Action item
From the listing below, set down exactly the lines between the one holding "Zapatillas de diseño" and the one holding "Photo 7 of 917", inclusive. No other line is wanted.

Input for this task
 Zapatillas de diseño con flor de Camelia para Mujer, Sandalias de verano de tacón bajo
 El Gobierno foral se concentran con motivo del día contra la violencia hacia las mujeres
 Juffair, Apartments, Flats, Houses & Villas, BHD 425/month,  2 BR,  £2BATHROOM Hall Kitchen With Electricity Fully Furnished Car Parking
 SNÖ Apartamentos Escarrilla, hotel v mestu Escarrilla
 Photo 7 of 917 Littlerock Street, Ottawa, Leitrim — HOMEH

---

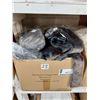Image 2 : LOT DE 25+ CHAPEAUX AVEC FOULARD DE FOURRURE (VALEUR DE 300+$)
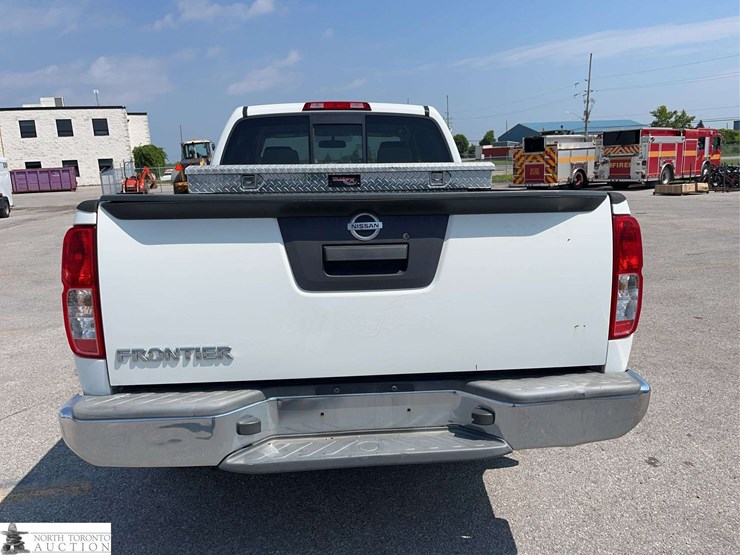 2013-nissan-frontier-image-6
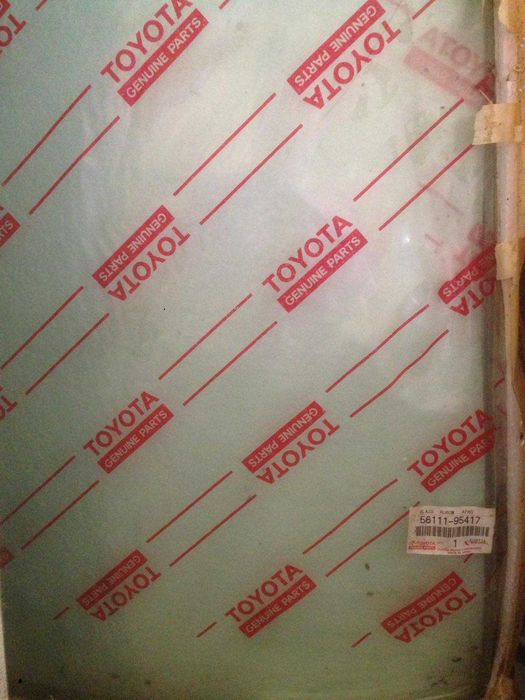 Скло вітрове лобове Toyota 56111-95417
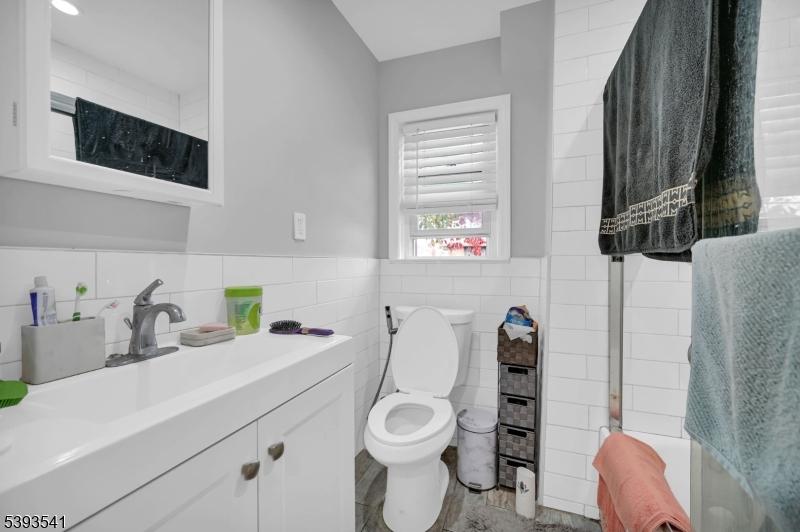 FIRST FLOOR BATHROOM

==

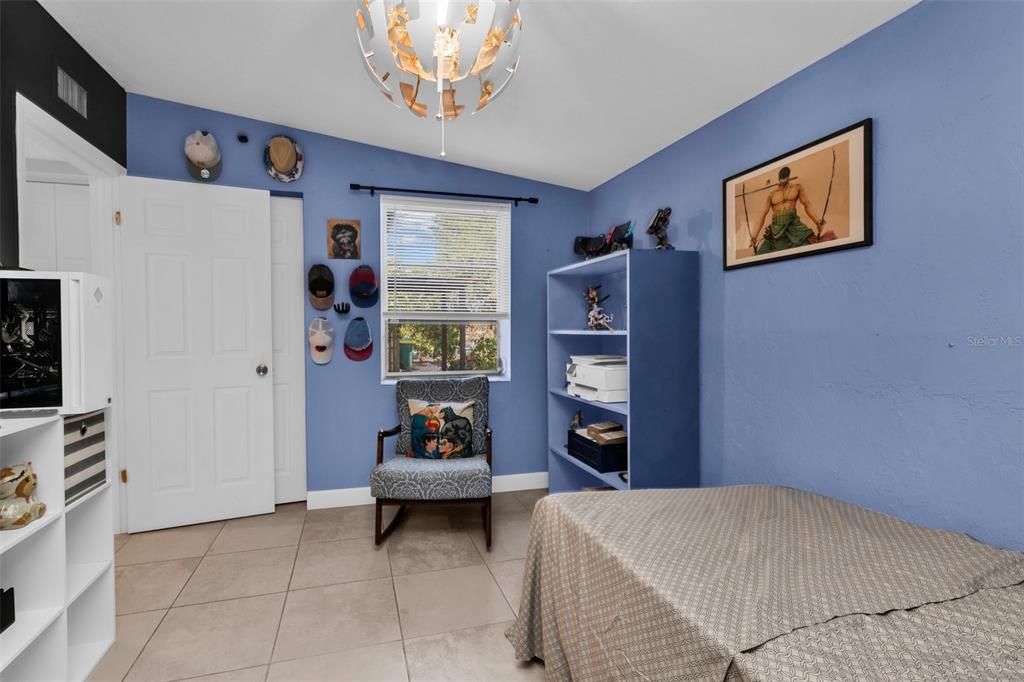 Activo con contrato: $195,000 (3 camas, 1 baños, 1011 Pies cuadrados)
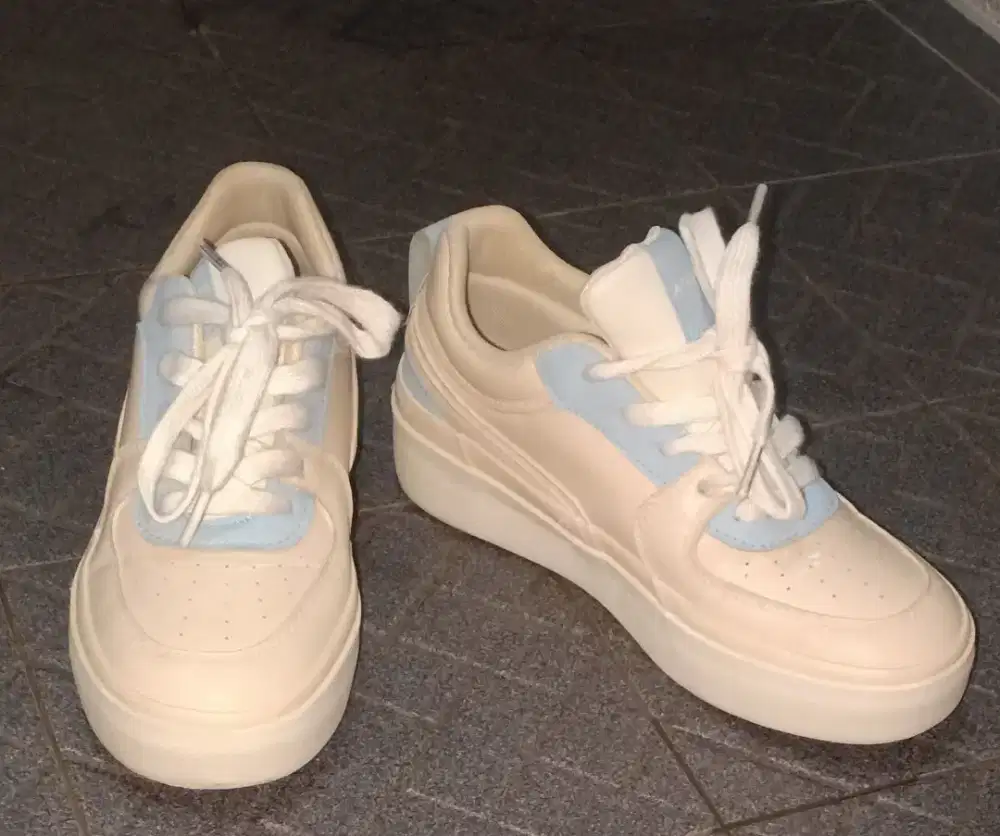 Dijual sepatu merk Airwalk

Answer to this task
 Zapatillas de diseño con flor de Camelia para Mujer, Sandalias de verano de tacón bajo
 El Gobierno foral se concentran con motivo del día contra la violencia hacia las mujeres
 Juffair, Apartments, Flats, Houses & Villas, BHD 425/month,  2 BR,  £2BATHROOM Hall Kitchen With Electricity Fully Furnished Car Parking
 SNÖ Apartamentos Escarrilla, hotel v mestu Escarrilla
 Photo 7 of 917 Littlerock Street, Ottawa, Leitrim — HOMEH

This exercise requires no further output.